I must have spent more than a thousand dollars on cheaper OD.s before finally biting the bullet and buying the STEPHENSON STAGE HOG. I was so impressed that I had him build me an amp and speaker cab as well. That being said, I am now back to inexpensive gear -- the latest being a Beckemer Soloist solid-state amp for a couple of hundred (shipped from Quebec). Funny how I've acquired snobby gear only to go back to the beginning. Having fun with whatever is on hand.


----------



## Alex (Feb 11, 2006)

Well, I overrode my own statement by purchasing one. I have a good friend that owns a Royal Overdrive and with the hype, I decided to take the plunge.

I spent a couple hours on the first day and was very impressed but wasn't quite sure about the value.

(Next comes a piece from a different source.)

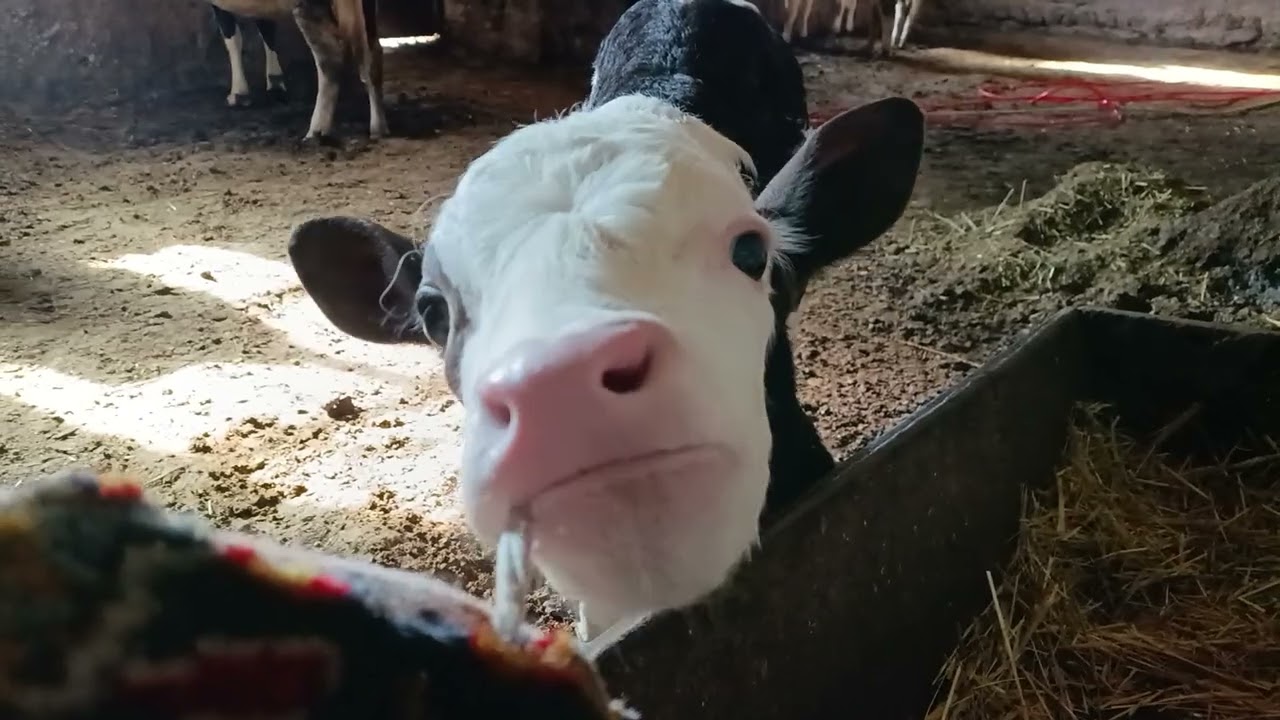 Cows😯
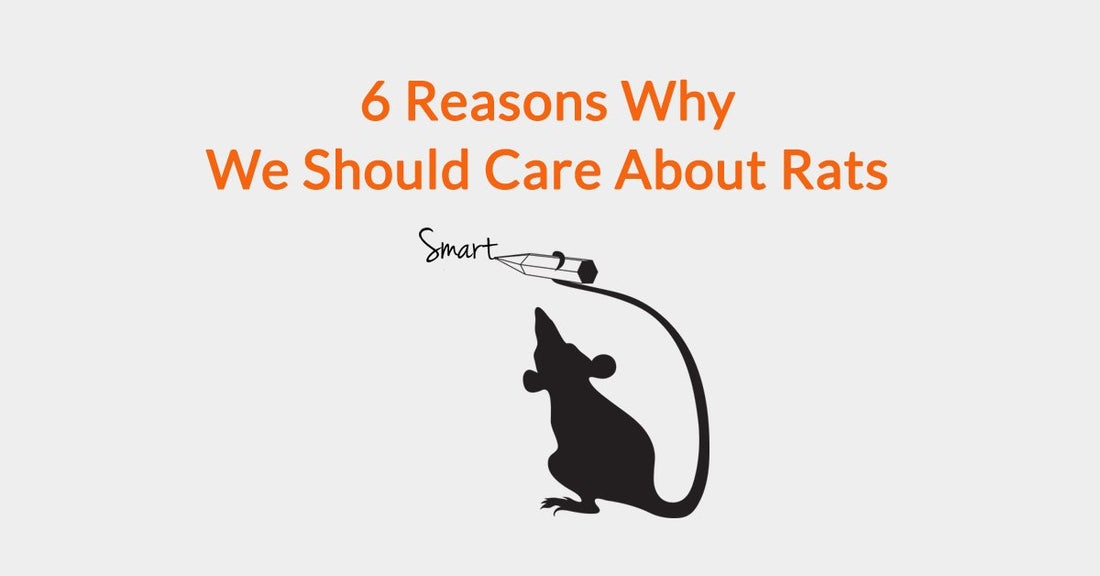 6 Reasons Why We Should Care About Rats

The usual characters involved were; my SVL Strat, Les Paul and my PRS running through a Matchless SC-30 and a Tone King imperial Mk II. I tweaked quite a bit and after talking to the same friend and spending more time with, it is an absolutely phenomenal unit. As mentioned in the Pedal Show Dumble episode, the Dumble pedals have a very different sound than a typical tube screamer or other OD and this is certainly the case with the RO. Different but not unfamiliar...

The unit has a lot of gain on tap and I usually max out the gain at around 4. With the gain boost switch on and hitting the midrange button, you can go from heavy crunch to soaring lead tone. What I'm impressed is that it sounds massive. There's a fullness without having it being too mushy - you can hear each note.

The RO is really "amp friendly" and the Mode and Bright switches are there to adjust to any amps EQ. For my amps, the best combination for me seems to be Mode A with bright switch on 2. It is really important to view the video or read the instructions since those two functions dictate how well the unit will work with a given amp. With the wrong setting, you will utter a loud wtf?

The unit is built sturdy and weighs over 4lbs. Given the price, it has to be heavy  - On the subject of pricing, I realize the price point will be a detractor and frankly, you can buy a decent guitar for that price, BUT, I must confess that I have not played an Overdrive with that character and note definition and it is really pleasing to the ear. I played with my PRS last night and combining the Nemesis delay and it was "eagle soaring" type tones. Once you crank up the volume, it only gets better.


----------



## Budda (May 29, 2007)

It probably doesn't hurt that you're using really good gear too! Congrats on the purchase.


----------



## Alex (Feb 11, 2006)

Budda said:


> It probably doesn't hurt that you're using really good gear too! Congrats on the purchase.


I think the spirit of the RO is to make any amp sound really good or at least decent. If you are a travelling musician working with a supplied backline for each venue, this is an incredible tool.


----------



## Budda (May 29, 2007)

Alex said:


> I think the spirit of the RO is to make any amp sound really good or at least decent. If you are a travelling musician working with a supplied backline for each venue, this is an incredible tool.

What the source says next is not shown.